Non-life insurers said regulators should review the relevance of the country’s insurance tariff rates, especially now as free trade and globalization increase competition for the local sector.
During the 13th General Insurance Summit held last week in Makati, the Philippine Insurers and Reinsurers Association (PIRA) said that it is high time for the Insurance Commission (IC) to take a look into tariff rates and why non-life insurers are having difficulty following them.
PIRA Vice Chairman Michael Rellosa revealed that in 2015, the non-life insurance industry paid P21 million in fines for tariff breaches.
“For outsiders, it is easy to think that we are probably earning so much by breaching tariff rates that we do not mind paying 21 million in fines,” he said.
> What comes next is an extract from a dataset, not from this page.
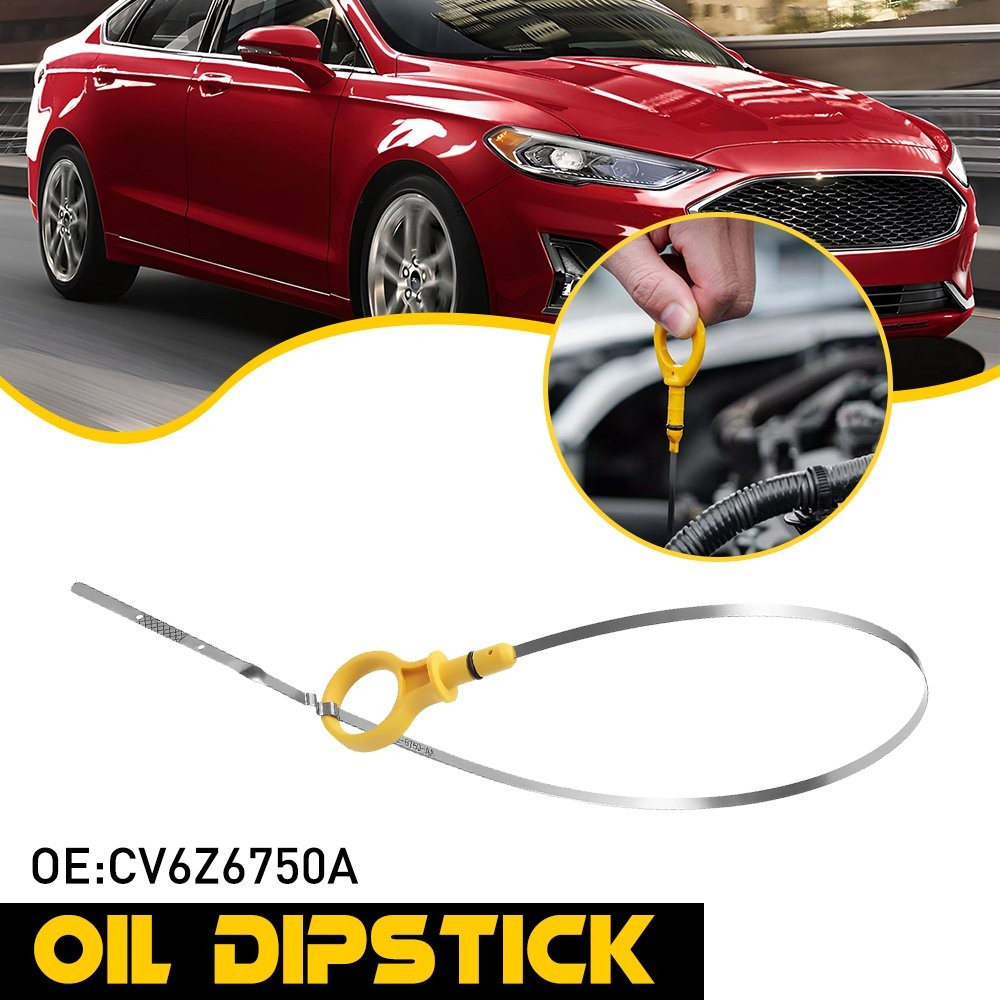 Engine Oil Dipstick Fits For Ford Escape Fusion 2013-2020 CV6Z6750A High Quality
“But no. On the contrary, the tariffs we breached were not price ceilings but floor rates. We were charging rates below those prescribed by the tariff. In effect, we paid fines for giving our clients low rates,” he added.
The PIRA official urged the IC to consider the tariff in relation to the steadily developing Association of Southeast Asian Nations (Asean) economic integration.
The IC is requiring insurers to increase capital from P250 million in 2015 to P550 million by the end of 2016, a directive that is feared will reduce the number of industry players from 70 as of the end of 2015 to an estimated 50 by the start of 2017.
Rellosa, who is the present chairman of the Asean Insurance Council, said the economic integration is the reason why the government made insurance companies raise more capital than they could actually use at the moment.
“The increased capital is meant to promote stability and level the playing field in the industry. The ultimate objective is to make companies competitive. But how could we reconcile this with a tariff regime where we are not given enough leeway to have competitive rates?” he asked.